Auch im Rest von Arabien sitzen Regierungen nicht mehr fest und wackeln die Throne der Scheichs. Ägypten hat nur das perverse Glück, recht wenig Öl zu fördern und so relativ uninteressant für die westliche Welt zu sein, die vom Öl abhängig ist. Nach Mubarak wird in Ägypten zwar ein mittleres Chaos ausbrechen, aber das Land hat schon diverse Pharaonen überlebt und wird auch das schaffen. Die von den Christen gerne als rückständig gescholtene Religion des Islam hat zumindest in Ägypten zumindest einen Sprung fast in die Gegenwart vor 20 Jahren gemacht und die Imane haben ihre Moscheen für die Demonstranten geöffnet, wie vor 20 Jahren die Pfarrer der evangelischen Kirchen in der DDR ihre Gotteshäuser geöffnet hatten. Damit sind sie sogar fortschrittlicher als so manche deutsche Kirchen.
Am 17. Tag der Revolution in Ägypten kommt Mubarak nun live ins ägyptische Fernsehen, aber hat offensichtlich nichts begriffen. Er kaut seinem Volk ein Ohr ab, aber kein Wort über seinen Rücktritt. Er wollte mal wieder Details ändern und seine Regierung umbauen, aber eben nicht zurücktreten und das demonstrierende Volk reagierte sauer und so demonstrieren sie einfach weiter.
Am 18. Tag der Proteste fingen die Kameras der Welt den Jubel der Demonstranten ein, denn Mubarak ist nun doch zurückgetreten und die Armee übernahm fürs Erste die Regierungsgeschäfte, bis die Opposition eine reale Chance hat, nach einer Wahl eine neue Regierung zu bilden. Die Bilder vom Tahrir-Platz in Kairo erinnern dann doch wieder an den Tag des Mauerfalls 1989 in der DDR. Selbst die, vom Westen so gefürchtete Muslimbruderschaft spielten beim Sturz von Mubarak und auch in der nächsten Regierung so gut wie keine Rolle, denn die Ägypter haben es nicht so mit dem religiösen Fanatismus und was oder wer immer nach Mubarak kommt, der nun vom 14. Oktober 1981 bis zum 11. Februar 2011 Staatspräsident Ägyptens gewesen ist, es wird sicher nicht fanatisch sein und so die Konzerne und die Touristen des Westens abschrecken.
Interessant sind die unterschiedlichen Reaktionen des Westens auf diese gelungene Revolution.

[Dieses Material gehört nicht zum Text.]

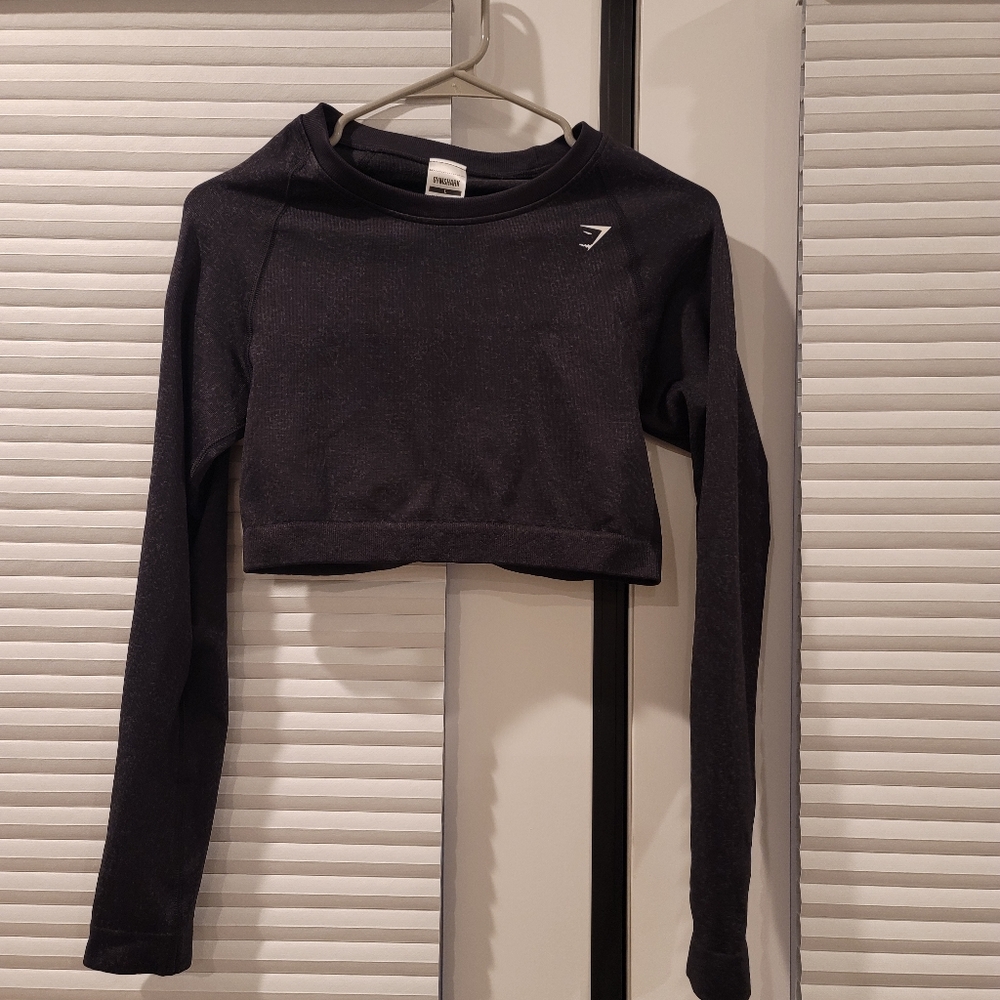 Seamless long sleeve workout Crop Top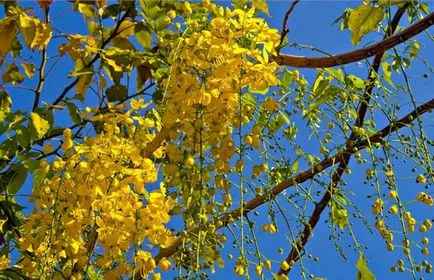 plantare Bobovnik și de îngrijire, fotografii soiuri, cultivarea și propagarea Laburnum, bolilor și îngrășăminte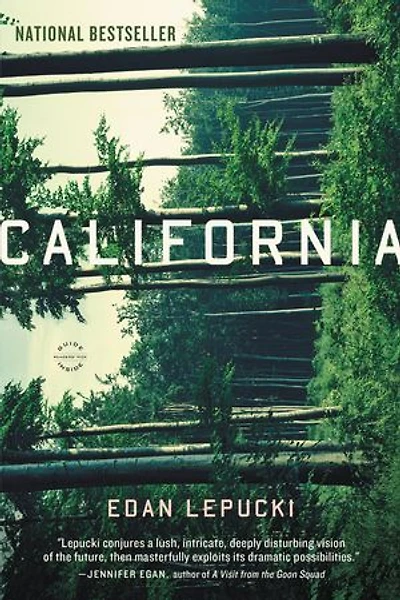 California: A Novel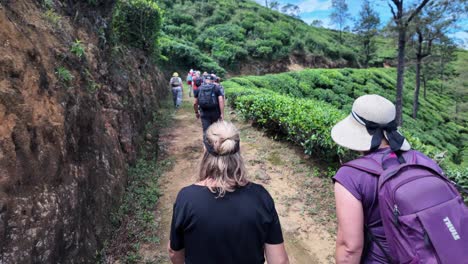 hiking through lush tea plantations in sri lanka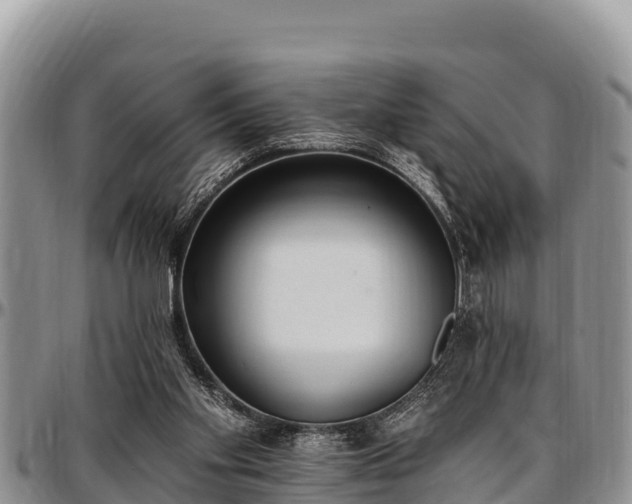 X0000097510109200802291627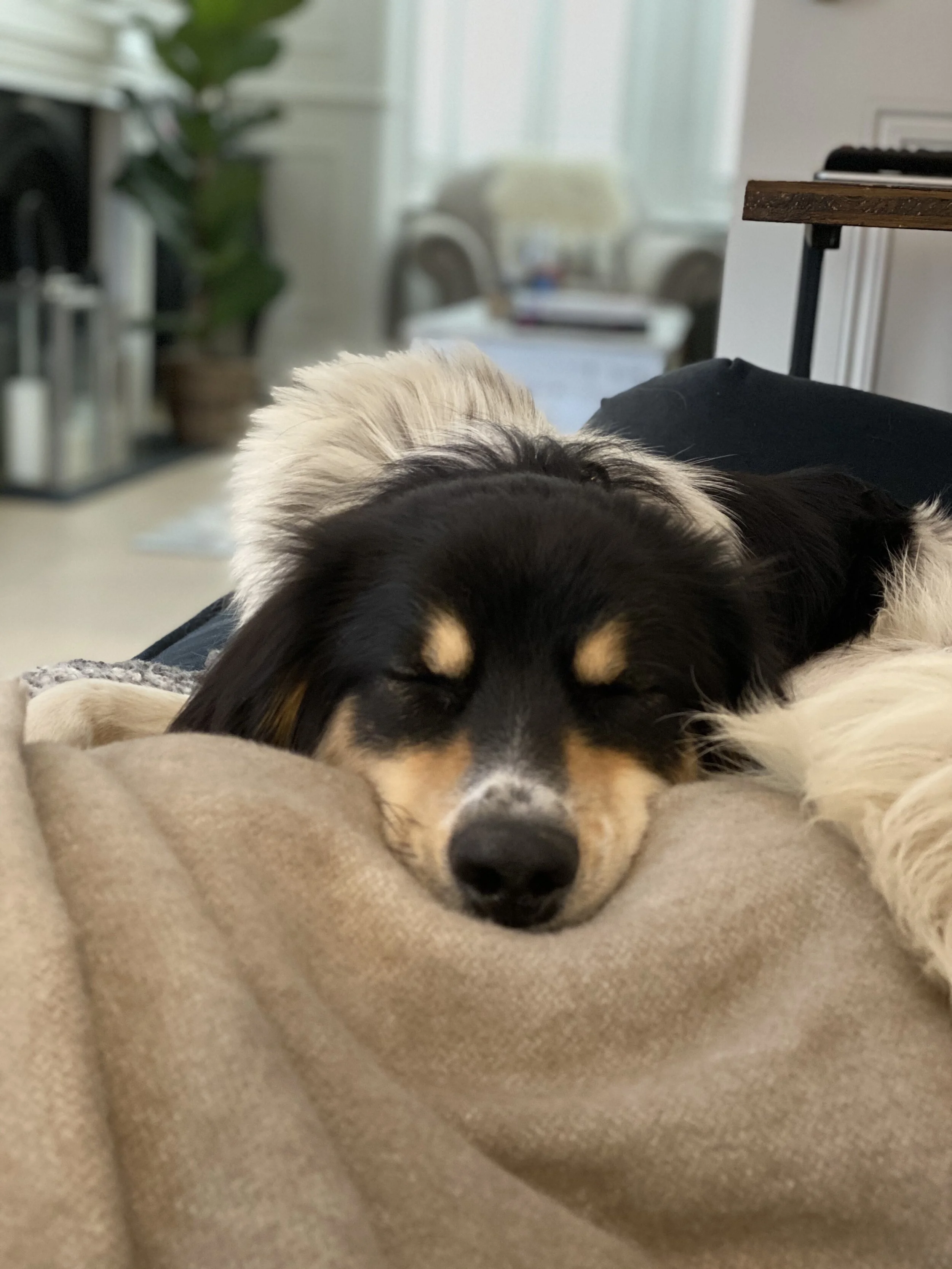 B8A44F3B-F271-47F4-A048-B9D721297B8E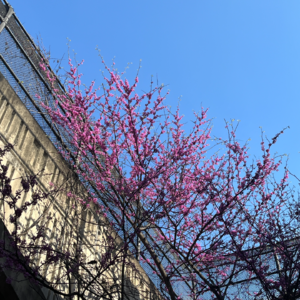 100期特辑 | 愿你建立内在系统，也愿你活得丰盈从容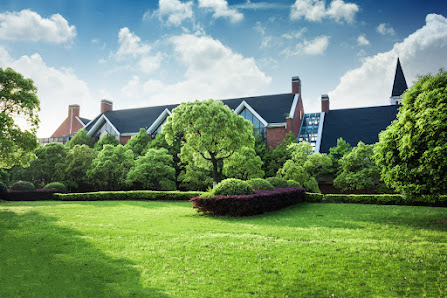 LüneGrün - Garten und Landschaftsbau Galabau Gartenpflege Terrassenbau Pflasterarbeiten Rollrasen Baumpflege Heckenschnitt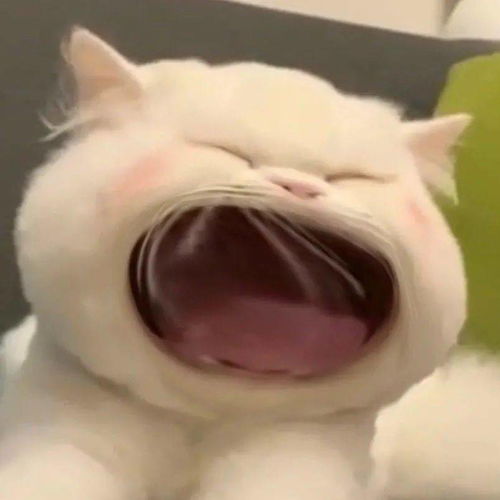 大嘴猫表情包要生活费专用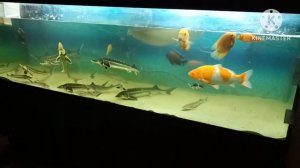 Осётр и стерлядь в домашнем узв аквариуме/биобаланс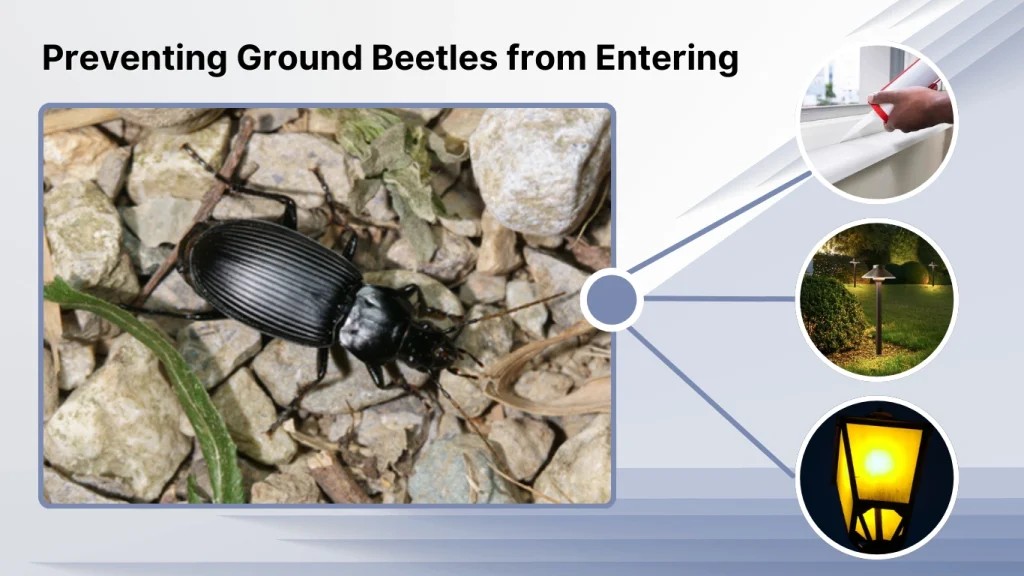 Preventing Ground Beetles from Entering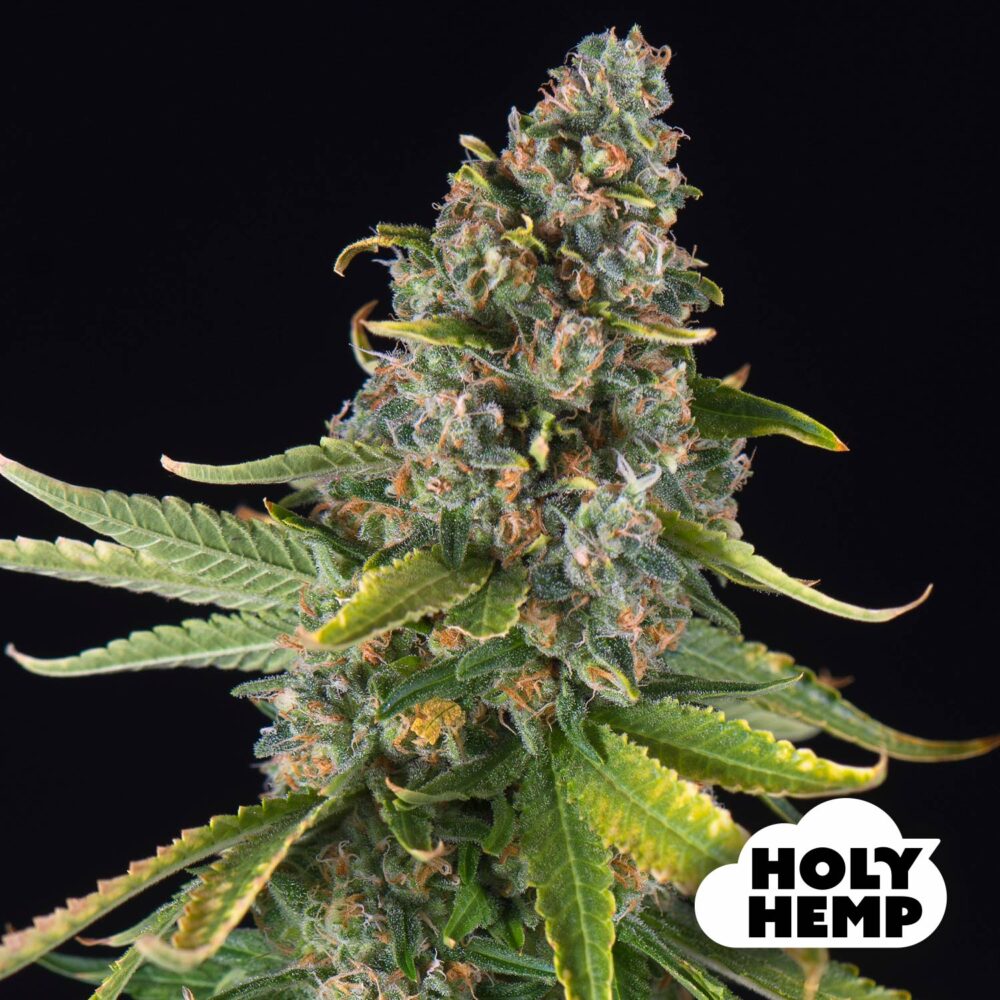 Gelato XL - House of Seeds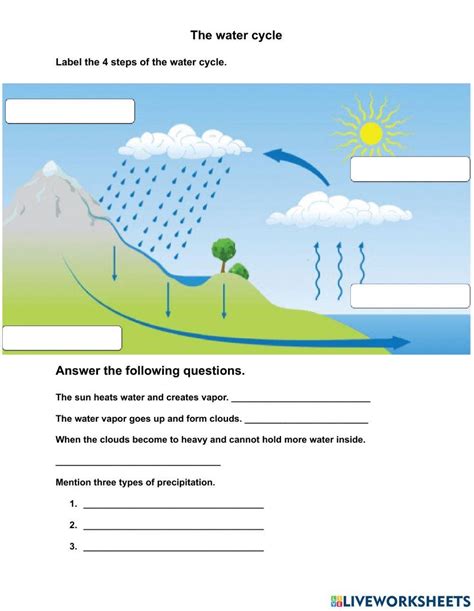 FREE! - Label the Water Cycle Worksheet (teacher made) - Worksheets Library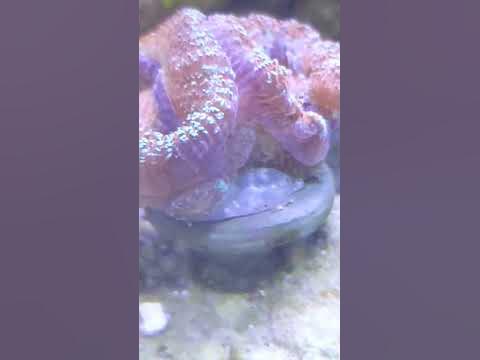 New heads on Acan coral #coral #reeftank #reef - YouTube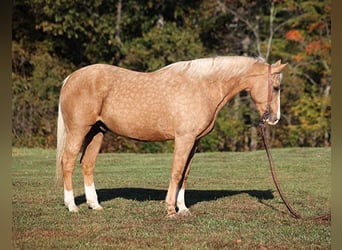 Trekpaard, Ruin, 11 Jaar, 160 cm, Palomino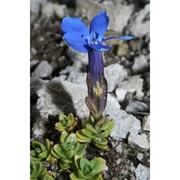 gentiana brentae prosser et bertolli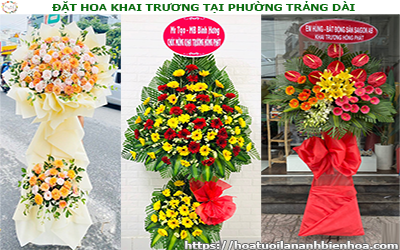 ĐẶT HOA KHAI TRƯƠNG GIÁ RẺ TẠI PHƯỜNG TRẢNG DÀI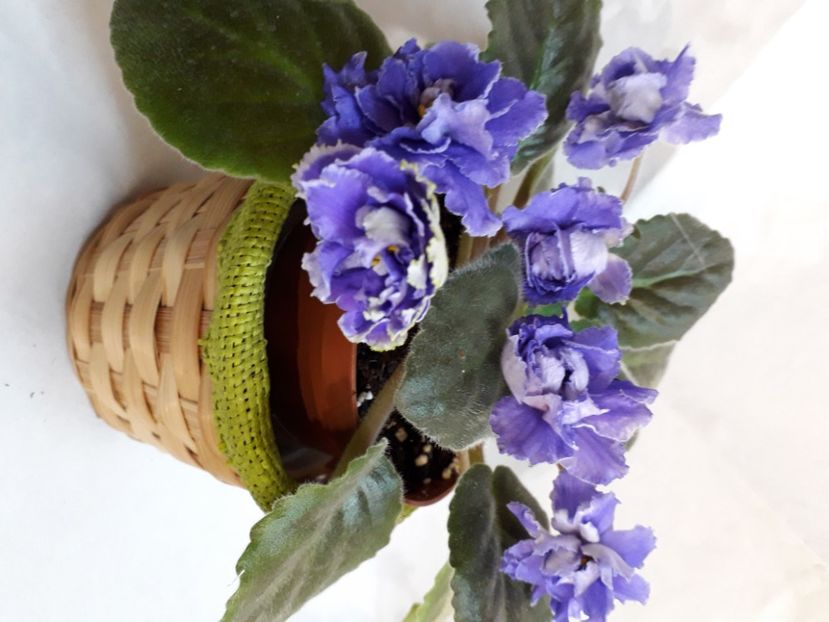  - A aaa VIOLETE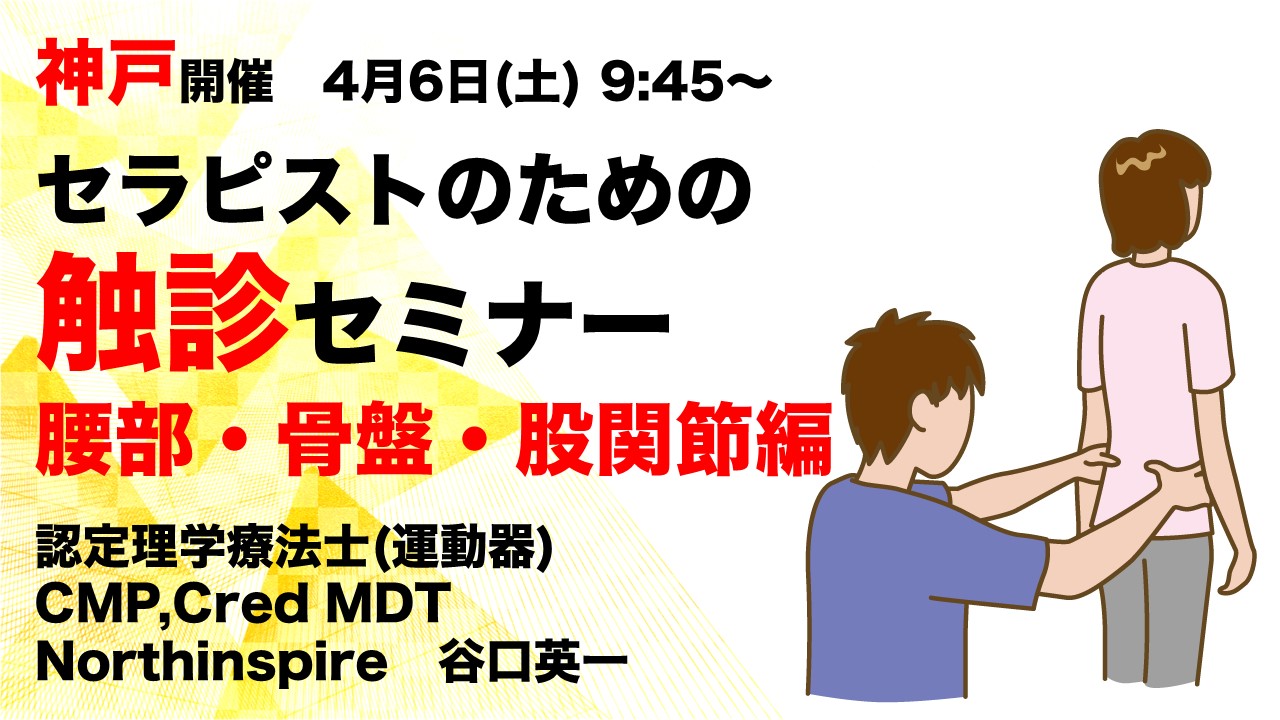 セラピストのための触診セミナー 腰部・骨盤・股関節編｜PT-OT-ST.NET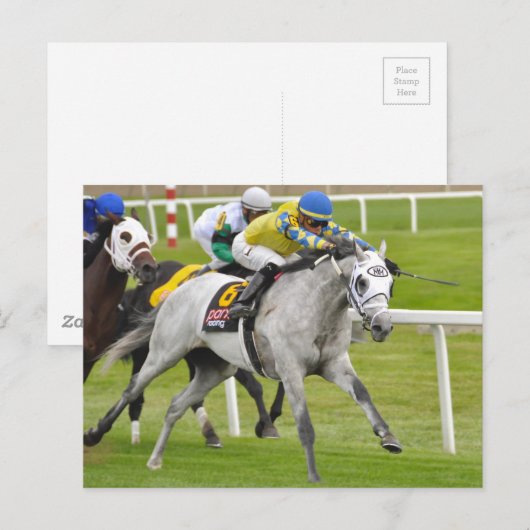 Jose Ortiz on Fast and Accurate ポストカード (正面/裏面)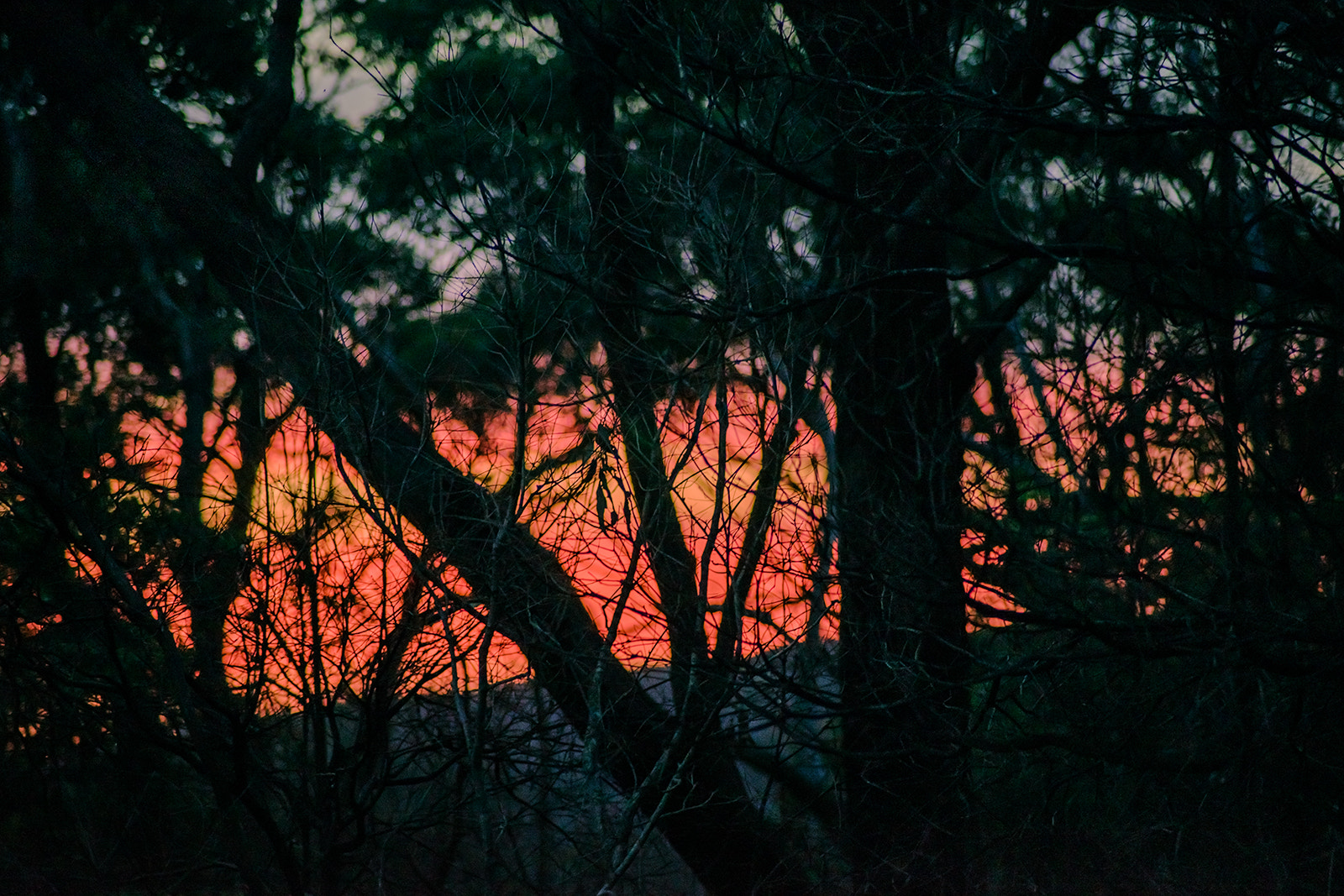 Sony a7 sample photo. Sunset clouds photography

Während Obama offene und ehrliche Begeisterung zeigte, gratulierten die europäischen Regierungschefs, Merkel vorneweg, eher verhalten.
Gerade Merkel gibt sich ja sonst gerne als das Kind und Beteiligte der Revolution in der DDR, aber sie weiß genau, sie ist nur deren denkbar schlechtestes Ergebnis.
Da auch ihre Politik, gerade bei den Armen, den Hartz IV Empfängern, alles andere als unbestritten und beliebt ist, hat sie eigentlich auch jeden Grund, gesunden Volkszorn zu fürchten, auch wenn sie tatsächlich mal gewählt wurde. Das zeigt eigentlich nur, wie abgehoben sie ist und wie wenig sie die Deutschen kennt, die sie angeblich regiert. Die leben zwar von der Substanz und den Resten eines vergangenen Wohlstands noch ganz gut, aber sie sind nicht einmal kräftig genug, bei der Wahl das Kreuz richtig zu setzen und die schlechteste Kanzlerin seit 1989 zu verhindern. Von der jungen Generation in Deutschland ist auch nichts zu erwarten, denn die nicht allzu hellen jungen Menschen nutzt entweder das großartige neue Medium Internet auch nur noch, um darin eigene kleine Reiche und Festungen, um da mit eigenen Regeln ihren persönlichen Drang nach Totalitarismus auszuleben, oder die noch weniger hellen melden sich gleich als Kanonenfutter für Merkels Krieg in Afghanistan. Mit einem Satz, den Deutschen geht es viel zu gut und nur die humanistische Bildung kam zu kurz.
Die Menschen der arabischen Länder haben dagegen echte Existenzängste, da sie bitter arm sind und teilweise sogar von Lebensmittelkarten leben müssen und daher geht der Brand, der in Tunesien anfing, dort und in Ägypten Erfolg hatte, nun auch weiter. Als Kandidaten werden in den Medien nun Algerien, Syrien, Jordanien und Jemen gehandelt. Der Sturz von Mubarak war da nur ein Erfolg, der Mut machte.